I have an excel file that includes 10K rows, each row has some information for a tweet. For example these columns: Tweet, Date of Tweet, User Name, Retweet Count, ..., User Location, Sentiment(the value in this column is Positive or negative or neutral), State(the value of this column is 50 states of the USA), Abbreviation (the value of this column is the abbreviation of state such as CA, NJ, NY,..), CountofNegative (this column is empty and I wish to write the number of Negative tweets for each state in this column, so this column will have 50 numbers).

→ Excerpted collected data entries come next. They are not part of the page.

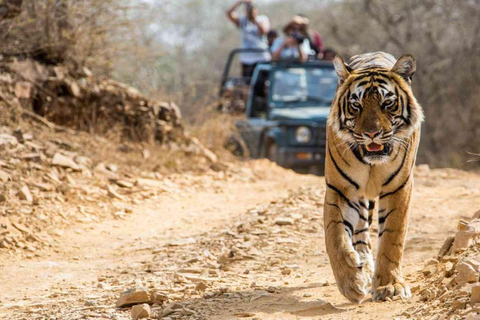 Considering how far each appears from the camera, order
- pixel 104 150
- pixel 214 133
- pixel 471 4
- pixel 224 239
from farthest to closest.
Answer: pixel 471 4 < pixel 214 133 < pixel 104 150 < pixel 224 239

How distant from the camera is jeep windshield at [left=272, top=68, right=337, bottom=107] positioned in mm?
11492

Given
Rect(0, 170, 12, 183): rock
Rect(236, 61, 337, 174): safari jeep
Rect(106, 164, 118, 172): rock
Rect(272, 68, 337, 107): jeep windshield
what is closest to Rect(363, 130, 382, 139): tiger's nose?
Rect(0, 170, 12, 183): rock

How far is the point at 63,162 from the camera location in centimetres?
816

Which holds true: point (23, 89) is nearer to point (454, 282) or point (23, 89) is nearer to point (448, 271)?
point (448, 271)

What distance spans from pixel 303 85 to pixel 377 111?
7396mm

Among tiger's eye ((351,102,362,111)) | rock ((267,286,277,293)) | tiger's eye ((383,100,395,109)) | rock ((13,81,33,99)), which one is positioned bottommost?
rock ((267,286,277,293))

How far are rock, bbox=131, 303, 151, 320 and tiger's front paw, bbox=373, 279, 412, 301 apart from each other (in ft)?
4.49

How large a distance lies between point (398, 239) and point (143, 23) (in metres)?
7.26

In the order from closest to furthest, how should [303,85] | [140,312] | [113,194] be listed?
1. [140,312]
2. [113,194]
3. [303,85]

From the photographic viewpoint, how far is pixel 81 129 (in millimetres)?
9797

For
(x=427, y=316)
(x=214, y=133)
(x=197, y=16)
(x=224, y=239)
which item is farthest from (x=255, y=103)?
(x=197, y=16)

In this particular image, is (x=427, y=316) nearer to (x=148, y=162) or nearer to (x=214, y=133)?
(x=148, y=162)

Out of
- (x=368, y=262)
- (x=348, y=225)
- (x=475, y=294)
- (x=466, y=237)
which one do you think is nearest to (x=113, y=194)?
(x=368, y=262)

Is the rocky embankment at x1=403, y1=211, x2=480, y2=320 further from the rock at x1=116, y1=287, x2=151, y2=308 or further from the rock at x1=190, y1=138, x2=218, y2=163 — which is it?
the rock at x1=190, y1=138, x2=218, y2=163
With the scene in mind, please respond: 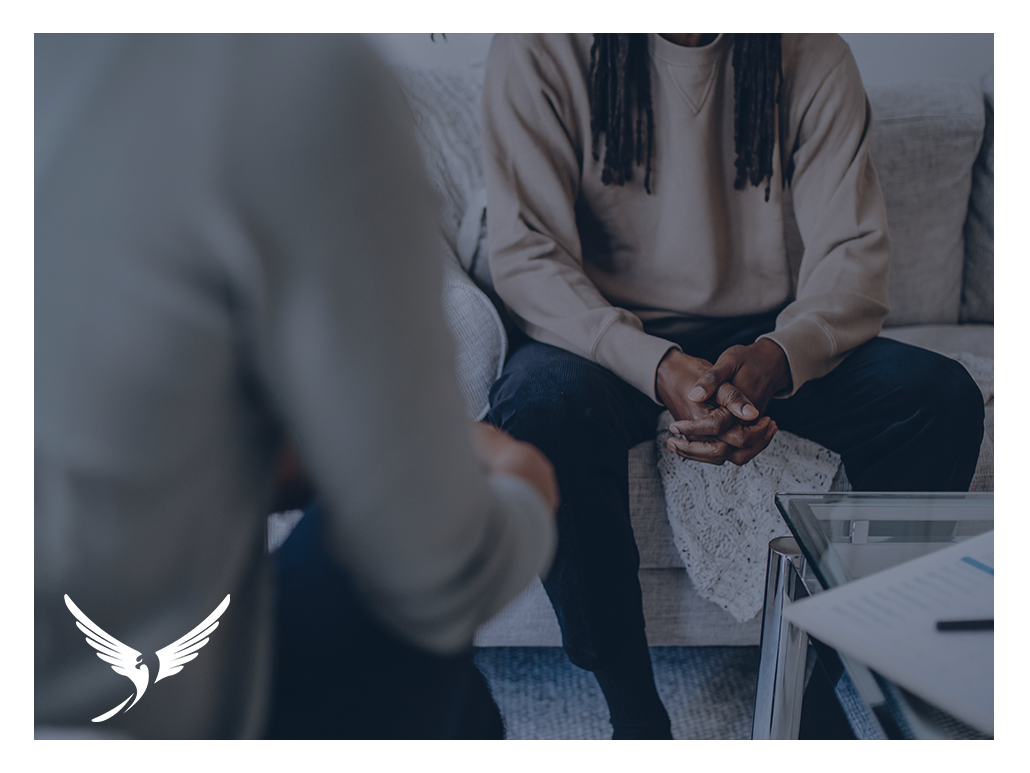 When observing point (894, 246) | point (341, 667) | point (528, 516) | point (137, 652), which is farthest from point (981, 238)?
point (137, 652)

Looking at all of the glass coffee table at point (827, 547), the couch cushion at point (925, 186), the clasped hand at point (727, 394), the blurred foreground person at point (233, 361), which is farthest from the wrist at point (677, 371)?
the blurred foreground person at point (233, 361)

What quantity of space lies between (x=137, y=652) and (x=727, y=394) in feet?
2.08

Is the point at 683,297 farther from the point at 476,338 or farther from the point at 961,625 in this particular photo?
the point at 961,625

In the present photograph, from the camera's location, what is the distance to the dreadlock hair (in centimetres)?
76

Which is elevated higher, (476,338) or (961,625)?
(476,338)

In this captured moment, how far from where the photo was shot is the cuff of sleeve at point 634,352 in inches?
31.7

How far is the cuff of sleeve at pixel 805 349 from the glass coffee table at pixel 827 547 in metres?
0.15

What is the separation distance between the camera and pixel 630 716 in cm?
84

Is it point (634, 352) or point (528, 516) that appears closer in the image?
point (528, 516)

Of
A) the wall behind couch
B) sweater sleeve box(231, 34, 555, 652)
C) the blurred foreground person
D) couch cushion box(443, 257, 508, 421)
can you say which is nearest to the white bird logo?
the blurred foreground person

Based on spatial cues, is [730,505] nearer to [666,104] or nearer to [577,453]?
[577,453]

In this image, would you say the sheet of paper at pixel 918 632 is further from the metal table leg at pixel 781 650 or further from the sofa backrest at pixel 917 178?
the sofa backrest at pixel 917 178

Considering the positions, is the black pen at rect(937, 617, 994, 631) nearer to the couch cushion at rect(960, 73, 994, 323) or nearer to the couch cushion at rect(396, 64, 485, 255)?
the couch cushion at rect(960, 73, 994, 323)

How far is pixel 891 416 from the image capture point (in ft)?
2.70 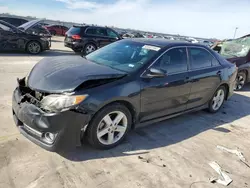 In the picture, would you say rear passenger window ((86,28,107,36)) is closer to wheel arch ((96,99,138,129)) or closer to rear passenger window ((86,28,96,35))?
rear passenger window ((86,28,96,35))

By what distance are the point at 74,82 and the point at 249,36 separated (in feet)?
27.6

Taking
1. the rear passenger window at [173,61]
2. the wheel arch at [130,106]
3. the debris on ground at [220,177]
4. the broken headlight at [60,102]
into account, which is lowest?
the debris on ground at [220,177]

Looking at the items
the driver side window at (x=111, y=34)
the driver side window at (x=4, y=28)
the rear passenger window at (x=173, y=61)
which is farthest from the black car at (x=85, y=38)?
the rear passenger window at (x=173, y=61)

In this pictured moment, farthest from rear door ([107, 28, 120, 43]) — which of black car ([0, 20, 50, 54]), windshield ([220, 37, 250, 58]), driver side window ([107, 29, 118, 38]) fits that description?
windshield ([220, 37, 250, 58])

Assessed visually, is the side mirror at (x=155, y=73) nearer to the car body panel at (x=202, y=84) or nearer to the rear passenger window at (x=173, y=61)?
the rear passenger window at (x=173, y=61)

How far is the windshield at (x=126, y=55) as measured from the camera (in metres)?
3.66

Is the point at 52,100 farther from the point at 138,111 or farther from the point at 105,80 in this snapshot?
the point at 138,111

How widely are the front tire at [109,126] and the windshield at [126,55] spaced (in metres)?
0.64

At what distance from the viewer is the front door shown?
359 centimetres

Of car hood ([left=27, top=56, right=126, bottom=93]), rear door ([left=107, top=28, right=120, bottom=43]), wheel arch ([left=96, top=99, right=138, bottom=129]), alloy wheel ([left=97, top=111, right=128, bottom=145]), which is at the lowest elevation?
alloy wheel ([left=97, top=111, right=128, bottom=145])

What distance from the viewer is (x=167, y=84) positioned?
381cm

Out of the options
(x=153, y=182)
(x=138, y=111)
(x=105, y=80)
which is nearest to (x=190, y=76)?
(x=138, y=111)

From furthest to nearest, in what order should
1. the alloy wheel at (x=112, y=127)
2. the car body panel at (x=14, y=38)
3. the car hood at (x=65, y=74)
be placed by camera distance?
the car body panel at (x=14, y=38)
the alloy wheel at (x=112, y=127)
the car hood at (x=65, y=74)

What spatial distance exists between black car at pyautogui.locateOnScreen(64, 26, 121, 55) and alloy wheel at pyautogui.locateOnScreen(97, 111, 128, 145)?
994 centimetres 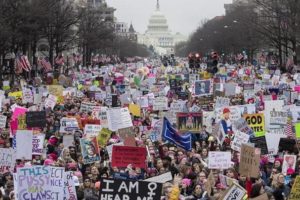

in following you can see the screenshot of this dataset:
Problem: count the number of negative tweets for each state or its abbreviation and write in CountofNegative column. following is my code:
import pandas as pd
file=pd.read_excel("C:/Users/amtol/Desktop/Project/filter.xlsx")
UserLocation= file["User Location"]
Sentiment= file["Sentiment"]
CountofNegative= file["CountofNegative"]
State=file["State"]
Abbreviation= file["Abbreviation"]
for i, (loc,sent) in enumerate(zip(UserLocation, Sentiment)):
count=0
for j, (state, abbr) in enumerate(zip(State, Abbreviation)):
if (loc == state or loc == abbr and sent == "Negative"):
count=count+1
file.loc[j+1,"CountofNegative"]=count
print(CountofNegative)
file.to_excel("C:/Users/amtol/Desktop/Project/filter.xlsx")
there is no error but when the output file is created, the first 24 values for column "CountofNegative" are zeros and the rest of them are ones(which they are not correct answers). Also, I wanted to test the program by print(CountofNegative)
, which still nothing happened. (no output). how can I fix my code?